DLP and TLP¶

对应教材Ch4, Ch5

0 Introduction¶

SISD - 单指令流单数据流 SIMD - 单指令流多数据流（比如向量一次传递多种数据)

SIMD architectures can exploit significant data-level parallelism
Matrix-oriented scientific computing
Media-oriented image and sound processors
SIMD is more energy efficient than MIMD
SIMD allows programmer to continue to think sequentially

MIMD - 多指令流多数据流

1 SIMD: vector processor¶

1.1 Vector Processor处理模式¶

是处理的数据类型的分类，由不同的处理器处理不同的数据类型： * vector processor - 流水线处理器，用向量表示和处理数据 * scalar processor - 流水线处理器，不用向量表示和处理数据

通常有三种处理模式：

Horizontal processing method
Vector calculations are performed horizontally from left to right in a row.

横向计算，从左到右，逐个计算出后再进行下一行。对于混合运算，一直在做功能切换。
Problems with horizontal processing:
- When calculating each component, RAW correlation occurs, and the pipeline efficiency is low.
- If a static multi-functional pipeline is used, the pipeline must be switched frequently; the throughput of the pipeline is lower than that of sequential serial execution.
  
  如果是静态的多功能流水线，我们每次都要排空才能进行下一次运算，这样的效率很低。
- The horizontal processing method is not suitable for vector processors.
Vertical processing method - 纵向计算

The vector calculation is performed vertically from top to bottom in a column manner.

要等加法全部都做完才能做乘法。

Horizontal and vertical processing method(group processing method) - 分组计算，组内纵向，组间横向

Example

D = A $\times$ (B + C) A, B, C, D ── vector of length N

Horizontal processing method

先计算 $d_1\leftarrow a_1\times(b_1 +c_1)$，再计算 $d_2\leftarrow a_2\times(b_2 +c_2)$，以此类推。写作循环可以写作：

\[ \begin{aligned} k_i & \leftarrow b_i+c_i\\ d_i & \leftarrow a_i \times k_i \end{aligned} \]

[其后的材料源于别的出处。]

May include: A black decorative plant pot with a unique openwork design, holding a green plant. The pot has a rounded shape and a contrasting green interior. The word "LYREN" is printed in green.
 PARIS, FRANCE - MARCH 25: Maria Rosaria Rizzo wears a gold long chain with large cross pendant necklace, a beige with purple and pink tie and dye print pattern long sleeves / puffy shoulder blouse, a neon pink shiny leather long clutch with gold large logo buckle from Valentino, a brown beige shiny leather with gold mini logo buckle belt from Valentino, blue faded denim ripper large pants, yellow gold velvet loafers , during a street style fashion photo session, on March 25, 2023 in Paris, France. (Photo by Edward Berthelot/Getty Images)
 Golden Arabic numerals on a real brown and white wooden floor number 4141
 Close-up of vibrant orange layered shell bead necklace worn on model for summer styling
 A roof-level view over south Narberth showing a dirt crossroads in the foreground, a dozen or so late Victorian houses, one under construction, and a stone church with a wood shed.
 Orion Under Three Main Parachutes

循环里的两个语句存在数据相关。因此有 N 个数据相关，需要进行 2N 次功能切换。
Vertical processing method

先计算加法，B+C 得到一个向量 K，再计算乘法，A*K 得到 D。

\[ \begin{aligned} K & \leftarrow B + C\\ D& \leftarrow A\times K \end{aligned} \]

这里只有 1 个数据相关，2 次功能切换。
Horizontal and vertical processing method

如果 N 太大了，我们不能用一个向量来直接装下所有数据，就需要多次运算。假设 $N=S\times n +r$，即我们把 N 个数据分成了 S 组，每组有 n 个数据，最后一组有 r 个数据。组内做纵向运算，组间做横向运算。

Requirements for processor structure: memory-memory structure.
源向量和目的向量都在内存中，中间结果也需要写回内存。

1.2 Vector Processor Example - Cray-1¶

1.2.1 基本架构¶

有 8 个向量寄存器，每组向量寄存器有 64 位。有 12 条单功能流水线，可以并行工作。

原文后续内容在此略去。